Urgent youth statement calling for halt in plans to obtain soil published online: “Support for Gushiken’s hunger strike”

Urgent youth statement calling for halt in plans to obtain soil published online: “Support for Gushiken’s hunger strike”

The urgent statement released by young people to support Takamatsu Gushiken’s hunger strike.

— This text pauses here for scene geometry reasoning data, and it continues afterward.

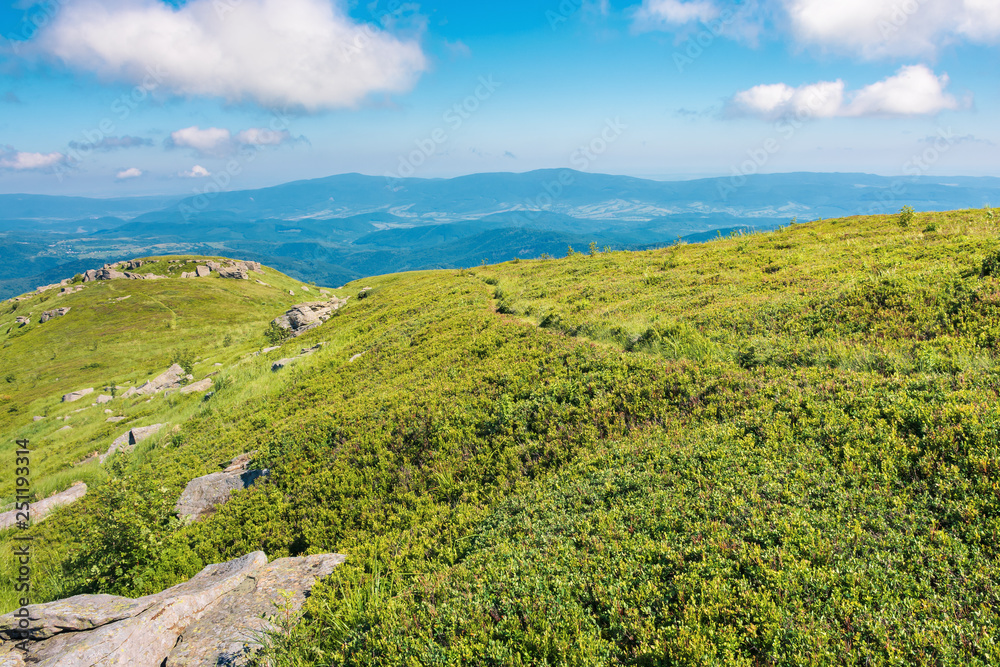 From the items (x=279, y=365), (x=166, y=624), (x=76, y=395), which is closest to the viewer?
(x=166, y=624)

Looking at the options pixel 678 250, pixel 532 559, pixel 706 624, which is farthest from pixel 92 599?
pixel 678 250

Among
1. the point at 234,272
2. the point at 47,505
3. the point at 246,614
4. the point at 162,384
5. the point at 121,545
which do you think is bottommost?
the point at 162,384

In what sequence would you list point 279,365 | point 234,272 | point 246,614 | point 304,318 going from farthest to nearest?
point 234,272 < point 304,318 < point 279,365 < point 246,614

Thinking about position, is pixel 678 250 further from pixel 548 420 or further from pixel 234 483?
pixel 234 483

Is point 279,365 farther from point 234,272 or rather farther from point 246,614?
point 234,272

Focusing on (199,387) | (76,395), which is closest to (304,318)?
(199,387) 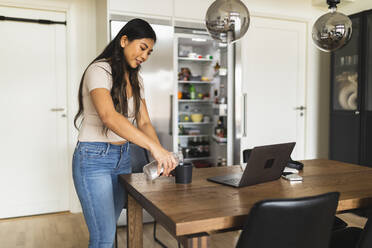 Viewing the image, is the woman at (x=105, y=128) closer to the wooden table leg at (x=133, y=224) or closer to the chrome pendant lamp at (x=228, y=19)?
the wooden table leg at (x=133, y=224)

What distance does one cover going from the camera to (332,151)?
13.1 feet

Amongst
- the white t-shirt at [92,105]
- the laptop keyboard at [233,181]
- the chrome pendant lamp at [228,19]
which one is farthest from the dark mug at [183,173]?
the chrome pendant lamp at [228,19]

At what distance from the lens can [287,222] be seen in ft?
3.27

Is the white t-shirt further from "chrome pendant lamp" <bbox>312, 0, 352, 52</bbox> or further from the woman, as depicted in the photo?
"chrome pendant lamp" <bbox>312, 0, 352, 52</bbox>

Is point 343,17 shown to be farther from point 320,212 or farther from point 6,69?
point 6,69

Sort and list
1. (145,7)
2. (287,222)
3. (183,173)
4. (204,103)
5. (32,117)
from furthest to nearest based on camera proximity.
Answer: (204,103)
(32,117)
(145,7)
(183,173)
(287,222)

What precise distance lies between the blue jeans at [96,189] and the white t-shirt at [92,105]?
0.03m

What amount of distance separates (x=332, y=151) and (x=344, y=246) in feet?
8.76

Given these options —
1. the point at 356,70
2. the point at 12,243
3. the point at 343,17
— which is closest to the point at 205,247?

March 10, 2021 Ryukyu Shimpo

 

On March 6, an urgent youth statement in support of Takamatsu Gushiken’s hunger strike and calling on the Japanese government to halt plans to obtain soil from the southern part of Okinawa Island was published online by a group of young people in their twenties both in and outside of Okinawa prefecture. Gushiken is a representative of the Gamafuya, a group of volunteers who search for the remains of war dead from the Battle of Okinawa. Gushiken went on a hunger strike to call on the government to abandon its plans of obtaining soil from the southern part of Okinawa Island, where there are remains of the war dead, for use in the construction of the new military base at Henoko. People who support the youth statement can add their signature at the site where the statement was posted. As of March 9, 60 students and other young people in and outside of Okinawa had added their signatures.

 

Six individuals have signed on as promoters of the statement, including Jinshiro Motoyama, former representative of the Henoko Kenmin Tohyo no Kai (the Group for the Henoko Prefectural Referendum) and a doctoral student at Hitotsubashi University’s Graduate School of Law, and Yuto Ishikawa, a fourth-year student at Okinawa International University who is working to record and inherit the legacy of the Battle of Okinawa. Two-thirds of supporters are young people outside of Okinawa.

 

The statement calls on the Japanese government and other groups to halt plans to obtain soil from the southern part of Okinawa Island, and for the governor of Okinawa to halt plans and consider placing limitations on such activity. The statement further asserts that the issue relates to how Japan has dealt with the aftermath of the war, and to democracy itself, and thus that every single person in Japan should learn about and discuss the issue with the awareness that it directly concerns them.

 

Keigo Nishio, from Ibaraki, Osaka, is also among the statement promoters. He supports the work of those gathering the remains of the dead from the Battle of Okinawa, and proposed the idea of publishing the statement. He spoke with Ishikawa, who he met through work related to peace education, and made the statement a reality. Nishio says, “I saw how Mr. Gushiken was risking his life to bring attention to this problem, and was very moved. I wanted to figure out what I could do as someone from the main islands of Japan. I wanted to answer his call.” Ishikawa says, “My goal is for more people to understand the feelings of the bereaved, and to create a space where Okinawans and people from the rest of Japan can think about these issues together.” They plan to host a talk on Zoom in the near future.